Kiwaia hippeis is a moth in the family Gelechiidae. This species was first described by Edward Meyrick in 1901. It is endemic to New Zealand and has been collected in Christchurch. Adults of this species are on the wing in December and are attracted to light.

== Taxonomy ==
This species was first described by Edward Meyrick in 1901 using two specimens collected by R. W. Fereday in Christchurch and named Gelechia hippeis.

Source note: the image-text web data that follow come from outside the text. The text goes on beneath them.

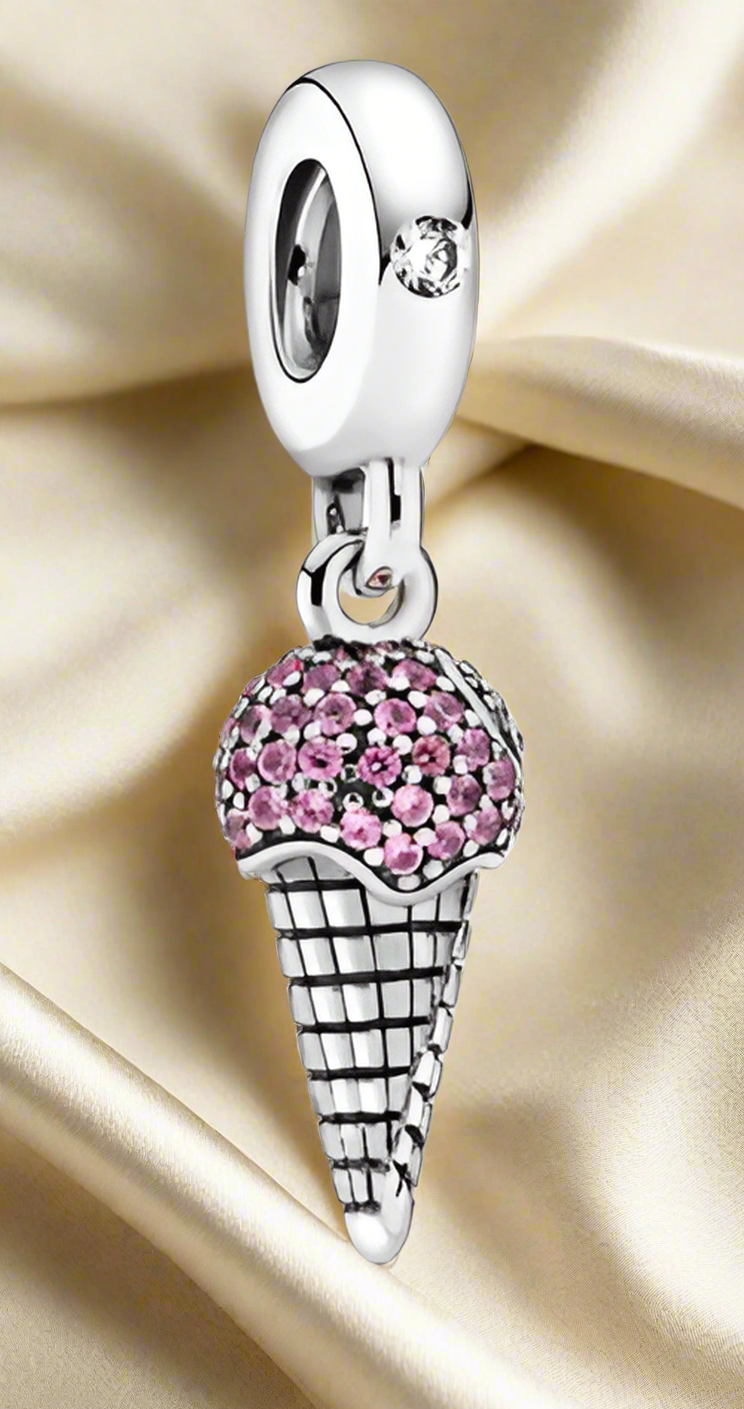 Silver Sparkling Ice Cream Cone Charm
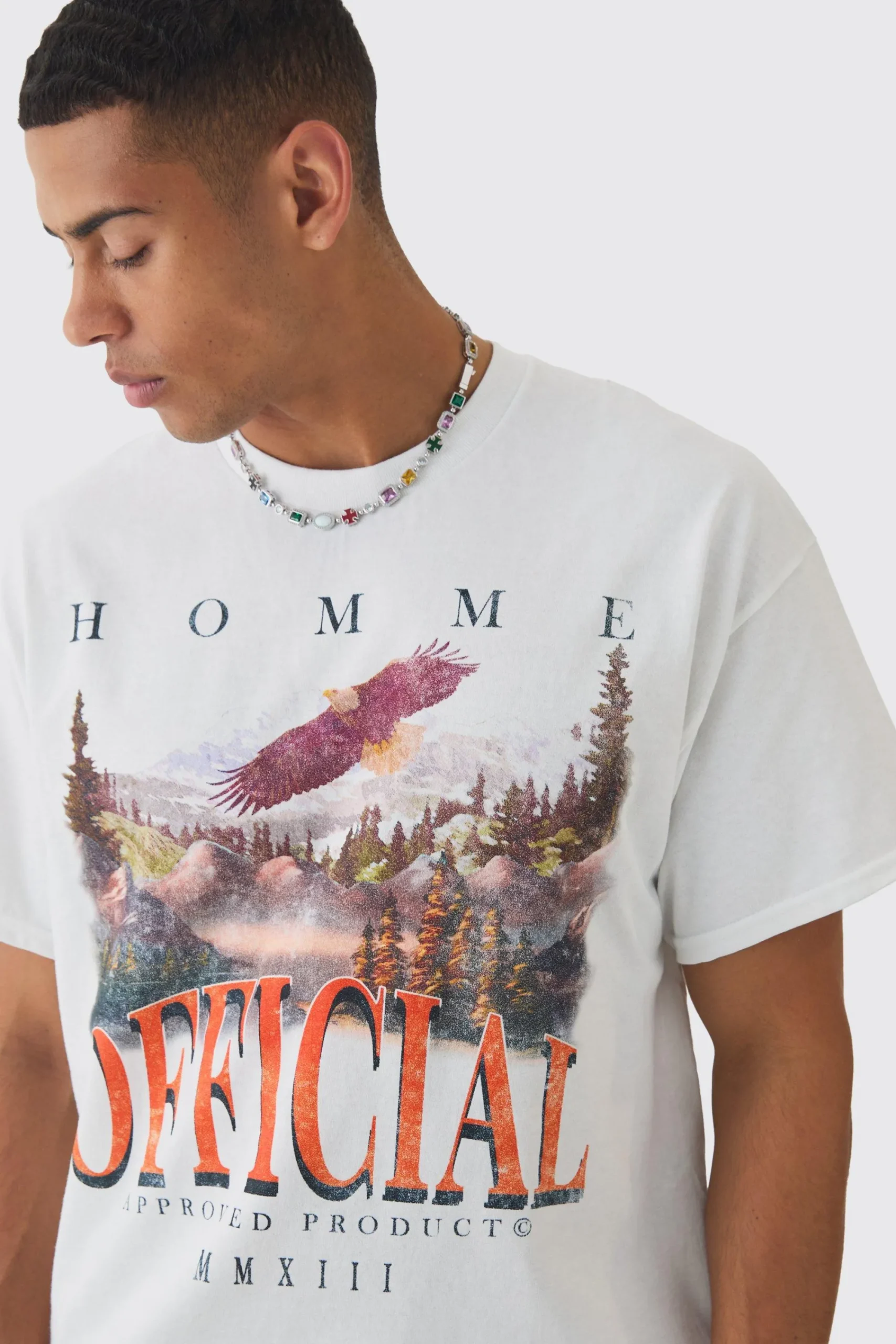 Oversized Boxy Eagle Landscape Print T-shirt | UK^boohooMAN Discount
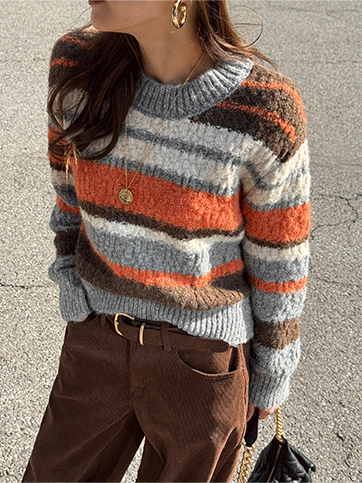 코반오 배색니트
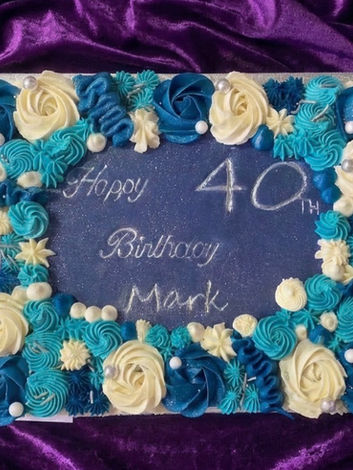 Blue, White Sheet Cake hand piped roses and swirls, edible sprinkles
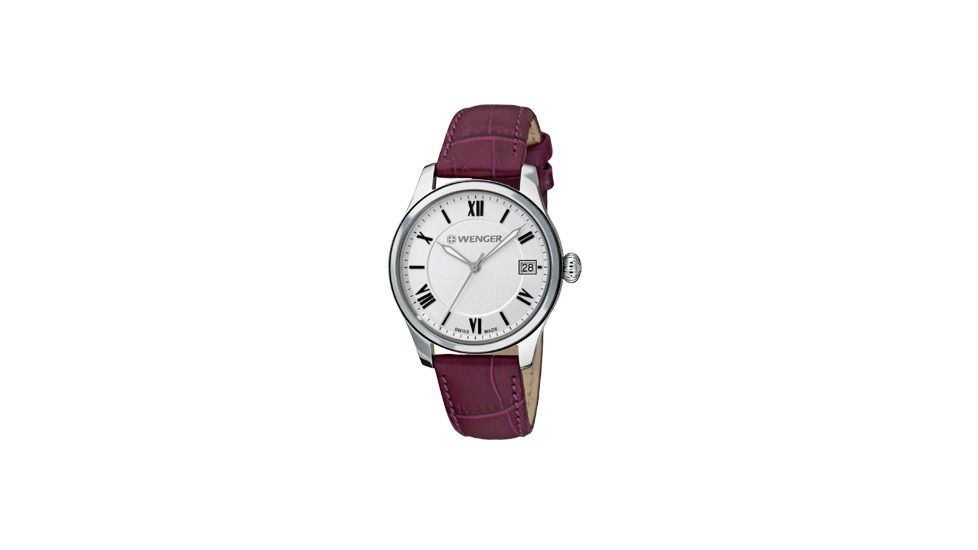 Wenger Terragraph Silver Dial Aubergine Leather Strap 521103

George Hudson discussed and illustrated this species in 1928 in his book The butterflies and moths of New Zealand under the name Phthorimaha hippeis. In January 1988 Klaus Sattler placed this species within the genus Kiwaia. This placement was followed by J. S. Dugdale later in 1988. The female lectotype specimen is held at the Canterbury Museum.

== Distribution ==
This species is endemic to New Zealand and has been collected in Christchurch.

== Description ==
Meyrick originally described the species as follows:

♂♀ 15-16 m.m. Head ochreous-white. Palpi ochreous-white, basal joint and a subapical band of terminal joint dark fuscous. Antennae fuscous. Thorax dark purplish-fuscous. Abdomen light ochreous. Fore wings elongate-lanceolate, acutely pointed; rather dark purplish-bronzy-fuscous; stigmata darker, obscurely defined, first discal obliquely beyond plical and near second : cilia pale whitish-ochreous, towards base bronzy-tinged. Hindwings with veins 6 and 7 nearly parallel; whitish-grey; cilia pale whitish-ochreous.

==Behaviour==
Adults of this species are on the wing in December and are attracted to light.